The data is currently accessible via an early version of an interactive web-based application and the developers have also implemented some basic functionality for accessing the data programmatically, Reynolds said. They'll continue to develop and improve these interfaces to the data ahead of the evaluation phase in January.
"From the beginning ... we wanted to host not just the very big files, [that is] the low-level BAM and FastQ files, and allow researchers to to run pipelines on that kind of data in the cloud but to also enable less computationally-savvy users to explore the open access data and drill down ... if they have access, to controlled data. That's still very much our vision," she said.
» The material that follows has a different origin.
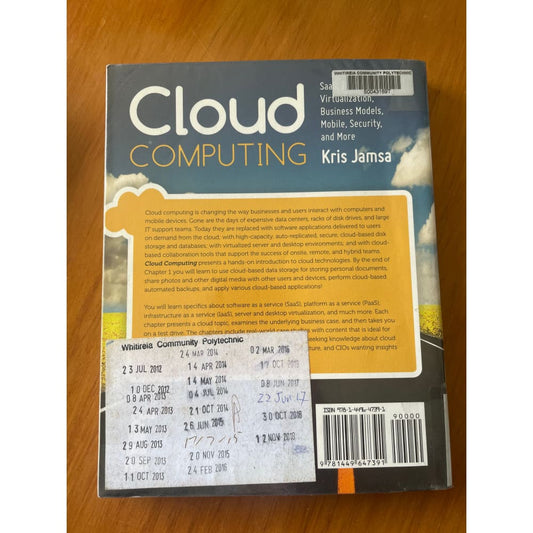 Cloud computing - kris jamsa - print books book - condition: used - non-fiction - technology printed media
In terms of running computations on the cloud, the developers plan to absorb the costs of exploring the data using the web-based application, Reynolds said. However, users that want to run computationally heavy analyses will have to submit requests to set up so-called Google cloud projects within the platform. Once projects been approved, the developers will fund the analysis up until some "reasonable" amount of dollars have been used up. "We will be actively monitoring usage and if people have very large projects that they want to do, it'll be a back and forth between us and them about what they want to do and how much it would cost in terms of compute and storage," she said. "It's very much going to be an experiment to see what it is people want to do and how much it will cost so we will see how it goes."
GenomeWeb reached out to the Broad Institute to get an update on the third platform — dubbed FireCloud — which is being developed for the NCI-funded initiative, but was unable to get a response as of press time. Researchers at the Broad are collaborating with investigators at the UC Berkeley and UC Santa Cruz on the platform, which will provide a version of the Broad's Firehose analysis infrastructure on the Google cloud.